By Nate Strauch, More Content Now
There’s something sickly poetic about the northern media telling southerners they’re not allowed to have their Confederate flags anymore. It’s not irony, though I’m sure there’s a good word for it: The North overruling the South on a beloved symbol of the South’s refusal to be ruled. A better writer would know the word.
The issue is cultural at its root — an issue of two countries within one that share a language but don’t speak with the same voice.
One’s powerful, the winner of the war and the keeper of what it believes to be the nation’s standards. The other is slower to react and to judge and jump to conclusions when tragedy strikes. The concept of the individual is held sacrosanct, so it’s easier to separate the actions of one person from the rest. The South is more sit-on-the-porch-and-reflect-with-a-pipe and less vape-and-vaporize-what-you-don’t-understand.
And understanding really is the rub. When two groups of Americans can look at the same object and see two totally different things, who’s right? Is the flag racist or inspirational? It’s a Rorschach test for culture.
We already know what the majority sees in that particular red, white and blue ink blot, because it’s splashed across the pages of newspapers, the screens of cable TV and the Facebook feeds of amateur thought police everywhere. The Confederate flag is offensive to some, so it’s gotta go. Our cultural battles are being fought on the terms of the least common offence-taker — he who findeth the most offense maketh the rules of engagement.
So how is this cultural Civil War going to end? Like most of them, I’m afraid.
When Capital-C American Culture decides a particular thought or object should be banished into the wasteland of offensiveness — along with all the other words and pictures and people upon which the Yankee elite frown — those who “cling” to their newly offensive culture are pushed to the fringe of society. Their “Society Participation License” is revoked.
We’ve seen it happen before, and happen increasingly often in our ever-more sensitized nation. Crack a questionable joke, react negatively toward someone’s lifestyle, or dare to question the media’s agreed-upon consensus on an issue, and off you go to offenders’ segregation, where anything you say can be used against you because you’re a fill-in-the-blank.
But shunning a person or even a subset of people for the way they think is one thing. This whole business with the Confederate flag, I fear, is something else entirely.

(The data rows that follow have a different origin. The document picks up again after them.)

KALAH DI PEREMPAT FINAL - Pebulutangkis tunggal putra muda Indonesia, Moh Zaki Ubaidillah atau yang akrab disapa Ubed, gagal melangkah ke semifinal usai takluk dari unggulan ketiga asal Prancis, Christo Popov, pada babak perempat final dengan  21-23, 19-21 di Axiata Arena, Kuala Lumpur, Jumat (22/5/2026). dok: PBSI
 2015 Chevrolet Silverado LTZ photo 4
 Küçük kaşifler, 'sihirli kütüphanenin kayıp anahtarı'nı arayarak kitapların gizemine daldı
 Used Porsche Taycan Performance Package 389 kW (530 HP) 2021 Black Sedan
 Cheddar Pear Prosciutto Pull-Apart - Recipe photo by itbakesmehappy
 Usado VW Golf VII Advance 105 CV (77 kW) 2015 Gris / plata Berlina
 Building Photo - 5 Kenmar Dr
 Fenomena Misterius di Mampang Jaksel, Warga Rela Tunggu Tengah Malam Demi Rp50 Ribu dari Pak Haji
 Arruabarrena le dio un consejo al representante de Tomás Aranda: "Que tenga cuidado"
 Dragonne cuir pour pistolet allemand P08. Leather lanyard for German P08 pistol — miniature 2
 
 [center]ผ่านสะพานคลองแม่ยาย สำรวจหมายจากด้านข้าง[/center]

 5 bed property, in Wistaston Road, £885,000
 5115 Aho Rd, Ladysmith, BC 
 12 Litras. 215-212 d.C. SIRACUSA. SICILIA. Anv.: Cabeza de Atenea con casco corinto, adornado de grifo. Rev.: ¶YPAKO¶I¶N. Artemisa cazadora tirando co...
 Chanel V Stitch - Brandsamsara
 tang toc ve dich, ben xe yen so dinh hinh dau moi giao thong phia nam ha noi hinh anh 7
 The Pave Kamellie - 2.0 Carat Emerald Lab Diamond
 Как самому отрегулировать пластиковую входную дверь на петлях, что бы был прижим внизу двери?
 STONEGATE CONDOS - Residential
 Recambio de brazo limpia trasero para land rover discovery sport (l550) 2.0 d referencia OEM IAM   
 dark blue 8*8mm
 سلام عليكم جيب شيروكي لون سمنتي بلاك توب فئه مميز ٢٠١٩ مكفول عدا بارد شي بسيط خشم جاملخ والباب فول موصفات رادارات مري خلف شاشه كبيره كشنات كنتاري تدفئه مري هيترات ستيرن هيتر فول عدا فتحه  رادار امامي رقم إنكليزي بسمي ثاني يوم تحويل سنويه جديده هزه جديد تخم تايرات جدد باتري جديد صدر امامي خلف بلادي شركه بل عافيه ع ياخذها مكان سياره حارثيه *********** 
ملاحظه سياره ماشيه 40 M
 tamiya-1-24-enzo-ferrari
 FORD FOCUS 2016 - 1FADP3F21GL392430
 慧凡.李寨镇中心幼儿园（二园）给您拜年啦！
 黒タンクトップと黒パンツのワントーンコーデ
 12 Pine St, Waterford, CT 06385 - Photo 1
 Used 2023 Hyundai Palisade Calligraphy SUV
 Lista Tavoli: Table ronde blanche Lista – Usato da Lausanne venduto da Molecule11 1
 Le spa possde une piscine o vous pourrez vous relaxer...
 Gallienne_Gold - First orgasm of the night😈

They’re taking a revered piece of southern history and adding it to the book-burning pile of things New Yorkers find disagreeable. And, in doing so, they’re not just picking on a specific personal belief or policy prescription; they’re taking millions of people who share a culture and calling them racists for simply celebrating their heritage. They’re saying, as if history taught them nothing, “Only the way we see thing up here is relevant; the way ‘y’all’ see them is not.”
It may be an effective way to get what you want — “One True Way to Think” worked for Stalin for a time, I guess — but it’s not the way to unite an already deeply divided nation. And it’s a strategy that will only further alienate southerners from the rest of the country.
The northern media loves to talk about empathy based on sexual orientation or race or income level. How about they try and practice a little empathy when it comes to geography?